DCAgent/a1-r2egym
DCAgent/a1-r2egym is a fine-tuned version of the Qwen3-8B causal language model. This model was trained on the r2egym_sandboxes_10k_glm_4.7_traces_jupiter dataset, indicating a specialization in environments related to reinforcement learning or agent-based tasks. It leverages a multi-GPU setup with 16 devices and a cosine learning rate scheduler over 7 epochs. The fine-tuning process suggests an optimization for specific interactive or decision-making scenarios.
Loading preview...
Model Overview
DCAgent/a1-r2egym is a specialized language model derived from the Qwen3-8B architecture. It has undergone fine-tuning on a unique dataset, /e/scratch/jureap59/raoof1/sft_data/hf_hub/datasets--DCAgent--r2egym_sandboxes_10k_glm_4.7_traces_jupiter/snapshots/bf10c6912b106ea55b7b06e79c99fc4d038a8437_thinking_preprocessed, suggesting a focus on tasks related to agent environments or reinforcement learning.
Training Details
The model was trained using the following key hyperparameters:
- Learning Rate: 4e-05
- Batch Size: 1 (train), 8 (eval)
- Distributed Training: Multi-GPU setup with 16 devices, resulting in a total effective batch size of 16 for training and 128 for evaluation.

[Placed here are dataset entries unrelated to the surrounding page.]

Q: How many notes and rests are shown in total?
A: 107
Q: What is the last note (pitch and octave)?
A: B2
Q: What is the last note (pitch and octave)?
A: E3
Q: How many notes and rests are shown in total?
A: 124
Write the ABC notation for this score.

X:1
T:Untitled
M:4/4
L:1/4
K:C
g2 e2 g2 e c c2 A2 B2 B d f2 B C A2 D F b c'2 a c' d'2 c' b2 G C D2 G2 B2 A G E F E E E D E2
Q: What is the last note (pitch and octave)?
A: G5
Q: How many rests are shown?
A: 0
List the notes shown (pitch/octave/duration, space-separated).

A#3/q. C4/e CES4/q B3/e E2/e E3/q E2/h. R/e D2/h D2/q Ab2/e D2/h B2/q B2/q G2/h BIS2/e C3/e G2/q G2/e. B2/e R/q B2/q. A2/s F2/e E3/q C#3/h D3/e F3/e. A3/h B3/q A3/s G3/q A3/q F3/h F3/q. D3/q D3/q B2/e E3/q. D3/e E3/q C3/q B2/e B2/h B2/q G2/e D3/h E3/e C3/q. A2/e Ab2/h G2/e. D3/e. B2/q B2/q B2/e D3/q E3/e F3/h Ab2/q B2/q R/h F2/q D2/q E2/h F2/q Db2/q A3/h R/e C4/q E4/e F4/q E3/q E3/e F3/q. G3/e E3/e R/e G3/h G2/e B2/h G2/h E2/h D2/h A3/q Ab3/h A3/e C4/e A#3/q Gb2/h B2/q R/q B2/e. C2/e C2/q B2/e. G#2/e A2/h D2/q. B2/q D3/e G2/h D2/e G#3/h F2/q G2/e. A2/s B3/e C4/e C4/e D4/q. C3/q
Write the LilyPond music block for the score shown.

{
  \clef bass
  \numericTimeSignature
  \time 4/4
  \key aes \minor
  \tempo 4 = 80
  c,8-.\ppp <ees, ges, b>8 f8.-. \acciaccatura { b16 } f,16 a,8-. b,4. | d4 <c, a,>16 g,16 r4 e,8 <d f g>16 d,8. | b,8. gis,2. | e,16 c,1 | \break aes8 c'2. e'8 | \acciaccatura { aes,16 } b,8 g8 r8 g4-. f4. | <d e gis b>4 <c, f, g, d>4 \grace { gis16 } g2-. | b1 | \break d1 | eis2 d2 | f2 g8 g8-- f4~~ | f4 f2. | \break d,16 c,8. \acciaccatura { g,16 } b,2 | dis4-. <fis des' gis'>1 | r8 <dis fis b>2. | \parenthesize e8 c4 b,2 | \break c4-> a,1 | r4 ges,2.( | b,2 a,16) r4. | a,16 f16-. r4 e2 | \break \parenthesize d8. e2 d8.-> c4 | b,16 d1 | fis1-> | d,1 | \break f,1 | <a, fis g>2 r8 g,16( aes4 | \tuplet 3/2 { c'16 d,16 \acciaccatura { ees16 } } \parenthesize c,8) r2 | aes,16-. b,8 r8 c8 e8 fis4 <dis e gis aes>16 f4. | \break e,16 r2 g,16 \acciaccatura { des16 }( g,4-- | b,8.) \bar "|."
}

- Optimizer: ADAMW_TORCH_FUSED with betas=(0.9, 0.98) and epsilon=1e-08.
- Scheduler: Cosine learning rate scheduler with a warmup ratio of 0.1.
- Epochs: 7.0
This fine-tuning process, utilizing specific training data and parameters, indicates an intent to adapt the base Qwen3-8B model for particular interactive or decision-making applications, likely within simulated or sandbox environments as suggested by the dataset name.